I Almost Found a Dead Body Today…Sort Of

Stock image - but very similar to this

I drove by last night, about 7:30pm, venturing out in the barely double digit temperatures to brave the ice-pocked streets for dinner.  We had failed to get groceries before the ice storm hit.  Luckily, there were very few cars downtown.

On South Akard Street, in my neighborhood, I drove past a not-unfamiliar site – a homeless person asleep in the doorway of an abandoned business.  The small, single-story vacant brick building regularly houses the remnants of people seeking shelter in its cozy confines.  Well, the doorway at least.

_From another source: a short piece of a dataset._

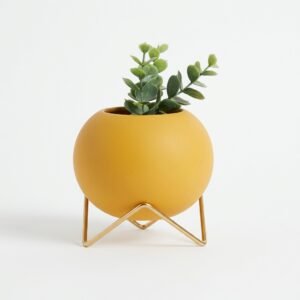 Sapphire Solid Round Ceramic Vase | Elegant Decorative Home Accent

I noticed a big pile of blankets, obviously covering a human figure head to toe.  Mind you, again, the temperatures at that point were in the teens.  I thought to myself, how terrible, to endure this for hours on end through the night.  The days are hardly better this week.  But, as I said earlier, in this part of town, it’s all too familiar.

Early this morning, I had to step out for a bit once more to run down the street.  This was about 6:30.  I wasn’t about to make the commute to the office, with the city suffering under rolling blackouts and just as much ice as before.  As I drove past the building, the figure was still there.  Noting the time, I assumed the person had slept there throughout the night, and I hoped they were sheltered from the admittedly sparse breeze.

Here’s the kicker.  After I finished working at home, I decided to make the trek to Oak Lawn for some dinner items and a couple of staples for tomorrow.  This was about 4:30pm.  There, just as motionless as before, lay the figure covered in mounds of blankets, next to a large suitcase.  I thought, ‘surely not…’ ‘That must be someone’s stuff.’  And I feared the worst – that the person lying under those blankets had possibly frozen to death as the mercury plummeted to 7 degrees Fahrenheit overnight.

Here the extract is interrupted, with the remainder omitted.